There
are two parables in the film: one intended, the other implied
I confess. A movie
about a young boy's dream of becoming a rocket scientist as a means of escaping
a bleak future in a declining coal mining community of West Virginia appeals to
me profoundly, and connects with my own life story. Hence, I am not an objective
reviewer of October Sky. Having grown up in precisely the
same time frame as the high school students in this film, not in a mining community,
but in the identically fated steel manufacturing region of the Mahoning Valley
in Ohio, I share a great deal with Homer H. Hickman, Jr whose autobiography, Rocket
Boys, is the real life story that is the basis of this movie. To be sure
this is a "feel good" movie without apology. From Homer's inspirational teacher,
played by Laura Dern, to his stern, uncommunicative father, played by Chris Cooper,
the characters in this movie are stereotypes. Homer and his group of buddies triumph
against all odds and manage to transcend the obstacles that they face as idealistic
adolescents growing up in Appalacia. Homer's way out is the dream of becoming
a rocket scientist and we follow him as he confronts in succession, skeptical
parents, incredulous peers, high school administrators, the police ... and more.
At the same
time, this movie is also a period piece which chronicles this country's own rude
awakening in the early days of the Cold War when the Russians beat us in the first
lap of the "space race." Sputnik, the first artificial satellite to orbit
the earth, was a wake-up call to America. It inspired John F. Kennedy's
dramatic pledge that we'd be the first nation to place a "man on the moon," and
provoked massive new investment in science and technology.
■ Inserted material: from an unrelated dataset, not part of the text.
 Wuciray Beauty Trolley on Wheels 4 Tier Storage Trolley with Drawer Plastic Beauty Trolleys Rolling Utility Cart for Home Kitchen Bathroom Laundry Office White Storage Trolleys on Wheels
Now, looking
back upon that period, it is clear that the United States not only triumphed over
the Russians in the space race, but we've become the preminent nation on earth
in terms of technological prowess. Yet there is also a shadow side to this
success story: a tale not touched upon by October Sky. For while
we focused our attention upon the places where science and technology could lead
us, we appear to have neglected the interior work: the renovation and renewal
of the human spirit that must accompany any real progress in the material realm.
Today the abandoned coal
mines of Appalacia, like the rotting steel mills of the river valleys in Ohio
and Pennsylvania, stand as cruel symbols of the human wreckage that is often left
when one technology is replaced by another and insufficient attention is placed
upon the moral and spiritual price of making such transitions. Today, in the opening
years of a new millennium, as we complete this move from the industrial to the
information age, what we need is a new wake-up call that will focus our attention
upon those perennial questions that need attending to: How do we care for
those who are left behind or even destroyed by the engines of progress? How do
we address the questions that remain even when all our material needs are satisfied?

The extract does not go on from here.